EL PASO – I have always had a fear of that word, for myself or to interview others. My major is multimedia journalism, so I knew that I would have to learn to love interviews, one-way or another.
I guess the reason you could say that I picked that major is because I have always been fascinated with sports and I would love to be involved with the company ESPN. My best friend Sean Sida always told me when I was growing up, “do something that takes you out of your comfort zone.” He always pushed me to go to new places or talk to new girls, although I was terrified.
So this past fall semester when I was taking the Digital Video and Audio production course at The University of Texas at El Paso with professor Lourdes Cueva Chacón, I had to get out of my comfort zone almost every week.
All of the class assignments needed quotes. Therefore I needed to conduct interviews. I was nervous and extremely afraid of approaching people and asking them questions. I didn’t care if it was for a grade or simply just for pleasure.
I can vividly remember the first interview like it was yesterday. It was during Christmas, the professor issued a group project that consisted of a print story, multiple pictures and yes, of course, multiple interviews.

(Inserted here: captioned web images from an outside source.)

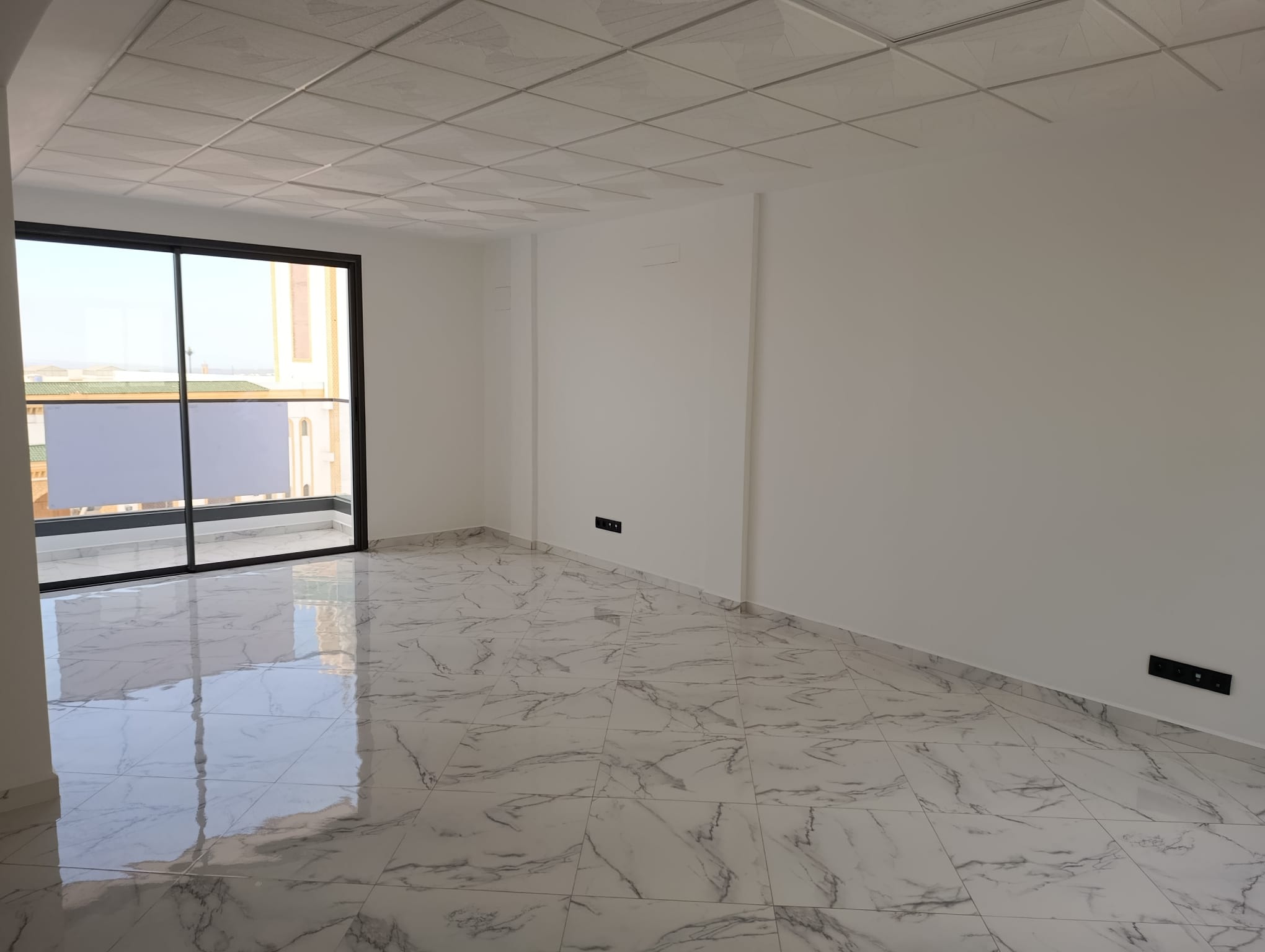 BUREAU MODERNE   70 m² Hay Mohammedy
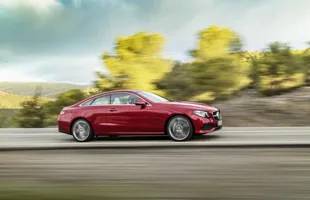 Mercedes E Coupe. Polskie ceny — zdjęcie 6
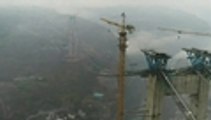 En China comenzó la construcción de un puente colgante.mp4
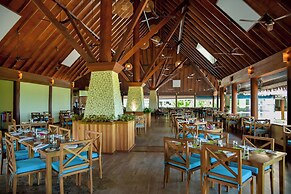 Reethi Faru Resort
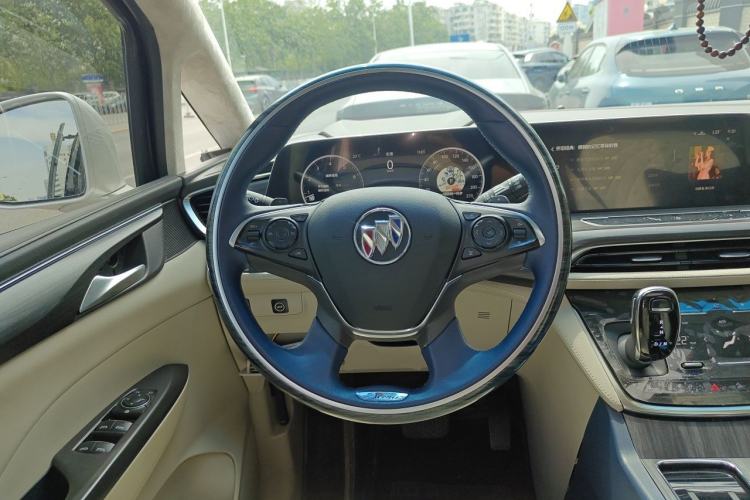 Used Buick GL8 2022 ES Landtrek 653T Luxury Edition Steering Wheel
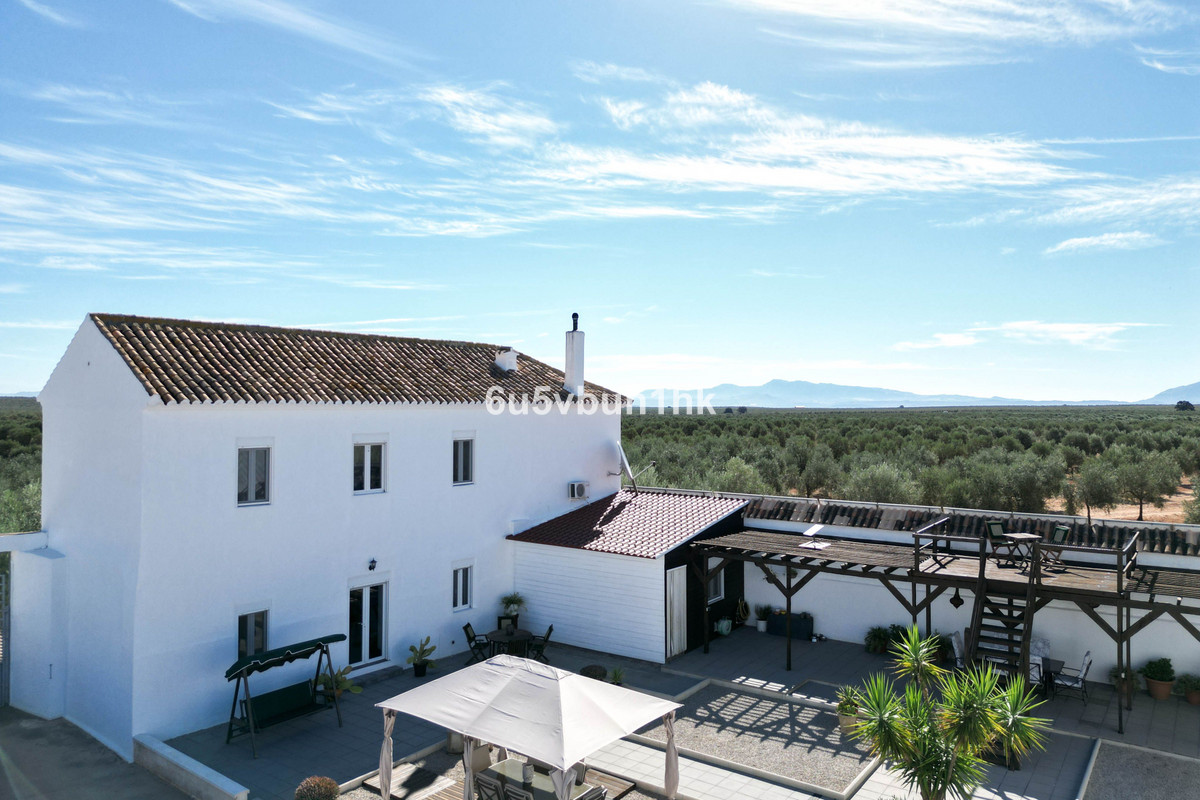 7 Bed Townhouse for sale in Antequera Costa Del Sol, Málaga, Spain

My group included Cristina Esquivel and Luis Barrio, fellow multi-media majors who also lacked interview experience. Our subject was the holiday festivities that take place in downtown El Paso.
As I drove toward the annual Christmas Tree Lighting, the thought of having to approach random people began to make me nauseous. I tried focusing on the fact that I would count with the support of my partners, Cristina and Luis, but I knew they were also anxious about interviews.
This was it. No more procrastinating or hiding. It was finally time to face my fear.
My first interview was with an electrical technician working at El Paso Electric. I introduced myself and didn’t get further than that. I just froze! There was complete silence for a good minute or two. Cristina and Luis were recording video and audio of my interview. I turned around and gave them a hopeless look of panic and they quickly jumped to my rescue.
All of sudden my first solo interview turned into a group interview. I was embarrassed. I felt unprepared and unprofessional, and this man could probably tell this was my first attempt at an interview.
Once we were done, we walked away and sat down to review our notes. It only took one look at each other for all of us to start laughing uncontrollably at how I froze like a deer in the headlights.
After this first failed attempt, I began gaining more confidence in myself and was able to interview a couple of people here and there. I now use that first interview experience to help me with all my other interviews. I think of it and start laughing at myself, which makes me feel comfortable.
Now I feel that interviewing is almost second nature to me, very easy and actually fun. I get to meet new people who let me into their personal lives for five or 10 minutes before we go our separate ways. Interviewing is not the “Big Bad Monster” that I thought it was.